The economy takes its toll on foreign workers and students
Mainichi reports that manufacturers are letting go of foreign workers as the economy gets worse:
Sonia Marie de Almeida, 47, a second-generation Japanese-Brazilian, who lost her job at a parts plant of a large automotive manufacturer, left her two children behind to come to Japan.
“I was told that I need not come to work anymore because production has fallen,” she said. “I have to send money to my children. I need to find another job quickly.”
The number of jobless foreign visitors to Hello Work Hamamatsu has increased markedly this year. The total number of job inquiries by foreigners last fiscal year was 3,307 — a monthly average of 276. This fiscal year, however, that figure has grown to a total of 2,726 in the six months until September — a monthly average of 454 — which is a 1.6-fold increase from the previous year. The number of visitors in September alone was 534.
Meanwhile, Tokyo’s Waseda University is extending tuition payment deadlines for students from countries suffering the worst from the financial crisis:
The major private university in Tokyo said 339 students from South Korea, for instance, have tuition payments in arrears, although the total includes those who had failed to make payments before the financial crisis started biting.

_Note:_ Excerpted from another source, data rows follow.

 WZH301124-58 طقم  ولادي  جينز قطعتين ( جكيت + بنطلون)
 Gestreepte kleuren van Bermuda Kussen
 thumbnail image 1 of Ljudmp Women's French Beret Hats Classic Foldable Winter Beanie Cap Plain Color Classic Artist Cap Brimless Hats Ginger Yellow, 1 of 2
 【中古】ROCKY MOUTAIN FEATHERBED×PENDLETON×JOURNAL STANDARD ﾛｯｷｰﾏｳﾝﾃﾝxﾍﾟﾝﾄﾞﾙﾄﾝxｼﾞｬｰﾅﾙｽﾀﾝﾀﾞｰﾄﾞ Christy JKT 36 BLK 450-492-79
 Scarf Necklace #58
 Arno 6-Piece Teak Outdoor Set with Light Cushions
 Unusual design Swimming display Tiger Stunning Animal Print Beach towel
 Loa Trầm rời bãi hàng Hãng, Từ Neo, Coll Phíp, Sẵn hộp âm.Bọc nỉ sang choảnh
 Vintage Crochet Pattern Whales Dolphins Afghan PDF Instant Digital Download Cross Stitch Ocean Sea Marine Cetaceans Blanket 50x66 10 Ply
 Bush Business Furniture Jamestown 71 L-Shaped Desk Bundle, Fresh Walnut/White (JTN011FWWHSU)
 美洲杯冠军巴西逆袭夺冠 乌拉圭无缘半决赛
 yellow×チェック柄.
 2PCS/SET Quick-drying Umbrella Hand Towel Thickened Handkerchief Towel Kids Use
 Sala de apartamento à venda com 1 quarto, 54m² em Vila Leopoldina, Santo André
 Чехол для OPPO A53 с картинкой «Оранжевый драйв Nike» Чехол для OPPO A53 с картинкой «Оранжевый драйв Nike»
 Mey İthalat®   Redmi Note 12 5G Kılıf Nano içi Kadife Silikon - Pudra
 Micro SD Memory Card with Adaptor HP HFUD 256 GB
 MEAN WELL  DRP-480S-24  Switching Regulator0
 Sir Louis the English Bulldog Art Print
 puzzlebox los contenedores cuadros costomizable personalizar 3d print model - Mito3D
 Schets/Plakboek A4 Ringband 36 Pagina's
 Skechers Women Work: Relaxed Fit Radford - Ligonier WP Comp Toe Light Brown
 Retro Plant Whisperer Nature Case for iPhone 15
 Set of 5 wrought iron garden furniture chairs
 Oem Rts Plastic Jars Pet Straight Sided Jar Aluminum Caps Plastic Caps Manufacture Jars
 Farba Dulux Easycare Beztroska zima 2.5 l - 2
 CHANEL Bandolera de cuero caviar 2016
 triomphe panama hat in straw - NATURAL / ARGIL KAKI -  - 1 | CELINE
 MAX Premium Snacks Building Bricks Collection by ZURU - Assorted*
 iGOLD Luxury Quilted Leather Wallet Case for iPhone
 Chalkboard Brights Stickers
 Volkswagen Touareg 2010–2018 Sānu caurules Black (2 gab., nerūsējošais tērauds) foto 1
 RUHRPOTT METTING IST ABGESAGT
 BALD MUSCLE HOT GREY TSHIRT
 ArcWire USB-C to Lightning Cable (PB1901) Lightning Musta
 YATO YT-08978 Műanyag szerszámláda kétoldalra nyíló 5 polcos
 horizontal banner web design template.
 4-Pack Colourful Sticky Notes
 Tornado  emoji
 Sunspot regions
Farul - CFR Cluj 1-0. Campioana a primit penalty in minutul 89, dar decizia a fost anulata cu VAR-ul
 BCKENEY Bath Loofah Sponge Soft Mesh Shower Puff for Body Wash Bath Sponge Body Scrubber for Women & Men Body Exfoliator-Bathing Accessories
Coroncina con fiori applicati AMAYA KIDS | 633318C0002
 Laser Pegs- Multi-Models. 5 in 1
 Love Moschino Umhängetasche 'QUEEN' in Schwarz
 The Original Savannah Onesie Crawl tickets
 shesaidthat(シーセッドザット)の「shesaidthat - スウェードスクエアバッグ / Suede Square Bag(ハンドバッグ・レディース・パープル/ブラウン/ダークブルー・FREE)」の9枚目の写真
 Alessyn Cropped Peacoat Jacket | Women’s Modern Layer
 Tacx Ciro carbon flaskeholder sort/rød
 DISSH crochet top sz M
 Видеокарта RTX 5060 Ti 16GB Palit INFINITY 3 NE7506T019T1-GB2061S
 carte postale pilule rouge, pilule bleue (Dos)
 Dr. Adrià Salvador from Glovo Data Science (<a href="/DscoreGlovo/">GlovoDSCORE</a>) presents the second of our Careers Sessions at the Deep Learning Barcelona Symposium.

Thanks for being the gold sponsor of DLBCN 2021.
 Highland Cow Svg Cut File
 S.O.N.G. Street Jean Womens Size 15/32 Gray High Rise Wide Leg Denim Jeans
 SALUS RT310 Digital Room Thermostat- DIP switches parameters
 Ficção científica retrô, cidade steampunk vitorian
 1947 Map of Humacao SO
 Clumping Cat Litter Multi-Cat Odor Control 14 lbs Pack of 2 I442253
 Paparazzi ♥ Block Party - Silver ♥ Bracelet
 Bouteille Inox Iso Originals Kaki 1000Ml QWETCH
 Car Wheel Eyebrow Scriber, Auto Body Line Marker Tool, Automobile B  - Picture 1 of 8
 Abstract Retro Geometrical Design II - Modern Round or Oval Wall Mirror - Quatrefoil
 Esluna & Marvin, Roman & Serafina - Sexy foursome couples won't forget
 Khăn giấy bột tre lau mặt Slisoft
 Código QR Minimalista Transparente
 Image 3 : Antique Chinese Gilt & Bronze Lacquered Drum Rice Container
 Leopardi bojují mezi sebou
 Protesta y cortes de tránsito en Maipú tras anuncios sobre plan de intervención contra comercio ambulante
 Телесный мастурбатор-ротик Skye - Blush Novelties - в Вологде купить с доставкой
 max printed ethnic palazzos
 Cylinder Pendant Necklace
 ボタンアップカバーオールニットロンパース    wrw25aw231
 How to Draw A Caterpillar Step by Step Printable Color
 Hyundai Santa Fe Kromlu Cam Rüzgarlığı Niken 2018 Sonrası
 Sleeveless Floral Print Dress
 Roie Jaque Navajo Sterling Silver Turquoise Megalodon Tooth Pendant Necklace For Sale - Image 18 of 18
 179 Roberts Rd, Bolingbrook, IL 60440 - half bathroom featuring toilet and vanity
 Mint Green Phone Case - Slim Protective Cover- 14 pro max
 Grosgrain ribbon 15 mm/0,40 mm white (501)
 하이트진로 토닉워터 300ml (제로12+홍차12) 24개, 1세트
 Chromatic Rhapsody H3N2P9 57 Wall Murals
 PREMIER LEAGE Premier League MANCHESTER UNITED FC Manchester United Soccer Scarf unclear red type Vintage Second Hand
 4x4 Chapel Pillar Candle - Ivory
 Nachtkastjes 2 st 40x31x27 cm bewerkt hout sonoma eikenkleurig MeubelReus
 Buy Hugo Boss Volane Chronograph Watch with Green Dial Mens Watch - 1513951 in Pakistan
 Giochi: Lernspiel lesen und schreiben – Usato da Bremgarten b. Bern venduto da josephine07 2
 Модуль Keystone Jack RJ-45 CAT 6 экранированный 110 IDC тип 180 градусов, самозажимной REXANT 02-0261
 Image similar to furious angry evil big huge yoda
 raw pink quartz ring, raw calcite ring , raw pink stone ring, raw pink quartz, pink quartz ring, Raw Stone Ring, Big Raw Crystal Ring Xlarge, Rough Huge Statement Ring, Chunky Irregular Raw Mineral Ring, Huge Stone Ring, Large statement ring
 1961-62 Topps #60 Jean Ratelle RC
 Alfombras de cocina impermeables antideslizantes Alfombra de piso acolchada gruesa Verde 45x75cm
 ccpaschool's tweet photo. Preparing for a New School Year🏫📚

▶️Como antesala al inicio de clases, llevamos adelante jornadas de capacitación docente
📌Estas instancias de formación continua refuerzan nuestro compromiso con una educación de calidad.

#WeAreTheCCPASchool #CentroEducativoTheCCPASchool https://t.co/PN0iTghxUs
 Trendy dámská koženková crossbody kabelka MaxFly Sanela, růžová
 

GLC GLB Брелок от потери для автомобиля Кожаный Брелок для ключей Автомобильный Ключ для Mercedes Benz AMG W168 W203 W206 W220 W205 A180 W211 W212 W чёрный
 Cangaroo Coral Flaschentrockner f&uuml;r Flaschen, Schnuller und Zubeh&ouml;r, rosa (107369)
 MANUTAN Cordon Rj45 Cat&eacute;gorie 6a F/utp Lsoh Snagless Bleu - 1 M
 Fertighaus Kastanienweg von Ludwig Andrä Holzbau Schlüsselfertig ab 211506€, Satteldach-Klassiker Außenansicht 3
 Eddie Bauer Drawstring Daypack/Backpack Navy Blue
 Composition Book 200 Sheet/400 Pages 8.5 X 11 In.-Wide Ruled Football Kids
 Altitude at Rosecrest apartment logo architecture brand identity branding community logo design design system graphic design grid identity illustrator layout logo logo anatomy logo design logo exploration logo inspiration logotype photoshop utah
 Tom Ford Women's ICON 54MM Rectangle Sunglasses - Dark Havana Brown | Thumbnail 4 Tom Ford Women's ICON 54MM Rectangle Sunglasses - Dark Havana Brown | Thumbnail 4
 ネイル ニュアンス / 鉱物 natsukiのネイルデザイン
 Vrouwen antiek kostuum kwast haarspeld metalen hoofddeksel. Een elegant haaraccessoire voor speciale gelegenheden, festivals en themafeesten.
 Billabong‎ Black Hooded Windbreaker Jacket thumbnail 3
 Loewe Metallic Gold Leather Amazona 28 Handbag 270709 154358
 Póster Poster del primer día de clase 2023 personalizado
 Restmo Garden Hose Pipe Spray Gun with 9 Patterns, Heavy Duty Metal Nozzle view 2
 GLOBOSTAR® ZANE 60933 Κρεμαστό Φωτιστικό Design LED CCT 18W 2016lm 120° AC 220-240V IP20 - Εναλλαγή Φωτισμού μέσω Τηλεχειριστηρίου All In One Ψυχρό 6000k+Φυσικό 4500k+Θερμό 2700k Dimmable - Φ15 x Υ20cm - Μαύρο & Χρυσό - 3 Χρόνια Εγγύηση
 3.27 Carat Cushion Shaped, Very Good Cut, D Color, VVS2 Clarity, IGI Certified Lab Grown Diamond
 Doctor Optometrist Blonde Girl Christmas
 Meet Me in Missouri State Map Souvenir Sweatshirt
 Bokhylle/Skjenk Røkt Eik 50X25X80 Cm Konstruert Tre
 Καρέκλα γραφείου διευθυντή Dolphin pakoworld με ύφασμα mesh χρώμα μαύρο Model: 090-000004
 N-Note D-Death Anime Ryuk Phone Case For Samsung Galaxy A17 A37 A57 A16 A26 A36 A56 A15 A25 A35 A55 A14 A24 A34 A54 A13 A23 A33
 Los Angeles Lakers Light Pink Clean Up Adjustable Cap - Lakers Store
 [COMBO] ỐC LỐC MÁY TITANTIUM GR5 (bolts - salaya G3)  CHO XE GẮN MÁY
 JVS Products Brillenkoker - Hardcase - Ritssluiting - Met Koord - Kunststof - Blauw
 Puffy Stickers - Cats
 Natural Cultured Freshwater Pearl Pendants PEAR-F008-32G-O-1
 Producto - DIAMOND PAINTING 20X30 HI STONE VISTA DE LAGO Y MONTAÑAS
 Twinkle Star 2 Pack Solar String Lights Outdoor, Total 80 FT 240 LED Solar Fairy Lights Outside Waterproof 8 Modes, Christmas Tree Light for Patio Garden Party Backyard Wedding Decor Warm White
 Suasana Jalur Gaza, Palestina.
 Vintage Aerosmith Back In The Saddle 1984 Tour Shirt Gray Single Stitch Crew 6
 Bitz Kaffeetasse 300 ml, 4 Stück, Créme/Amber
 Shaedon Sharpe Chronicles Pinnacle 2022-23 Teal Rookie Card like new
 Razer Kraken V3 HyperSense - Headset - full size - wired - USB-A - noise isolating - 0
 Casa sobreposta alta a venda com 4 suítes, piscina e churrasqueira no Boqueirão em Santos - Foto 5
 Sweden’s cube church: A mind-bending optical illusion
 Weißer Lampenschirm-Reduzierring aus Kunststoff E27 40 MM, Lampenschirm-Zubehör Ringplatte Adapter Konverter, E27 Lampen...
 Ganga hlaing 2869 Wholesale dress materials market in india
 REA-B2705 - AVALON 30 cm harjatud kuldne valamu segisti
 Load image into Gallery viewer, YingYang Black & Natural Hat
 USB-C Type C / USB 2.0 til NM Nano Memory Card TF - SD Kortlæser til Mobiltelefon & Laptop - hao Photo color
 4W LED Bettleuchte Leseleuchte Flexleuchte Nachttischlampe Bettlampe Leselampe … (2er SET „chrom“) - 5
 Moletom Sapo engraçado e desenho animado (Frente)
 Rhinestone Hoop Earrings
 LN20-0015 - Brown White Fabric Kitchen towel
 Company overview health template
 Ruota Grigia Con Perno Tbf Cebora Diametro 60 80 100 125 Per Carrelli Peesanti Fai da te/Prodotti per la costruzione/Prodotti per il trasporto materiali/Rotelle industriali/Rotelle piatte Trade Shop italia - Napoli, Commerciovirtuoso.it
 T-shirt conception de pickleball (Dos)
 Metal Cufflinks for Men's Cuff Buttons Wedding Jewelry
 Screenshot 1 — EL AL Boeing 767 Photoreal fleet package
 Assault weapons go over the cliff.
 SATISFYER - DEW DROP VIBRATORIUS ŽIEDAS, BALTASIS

The South Korean won has depreciated particularly sharply against the Japanese yen, which makes yen-denominated payments more difficult for them. The university said it polled around 100 South Korean students and many of them said they have difficulty making ends meet and honoring tuition payments.
Also eligible for the extended deadlines are two students from Iceland, a country reeling from a massive outflow of bank deposits as the banking sector has collapsed.
Bad as the economy may be, it hasn’t lessened the demand for nurses. Kyodo News reports that hundreds of Filipino nurses and caregivers are preparing to come to Japan next year as part of a special program under the new Japan-Philippines Economic Partnership Agreement.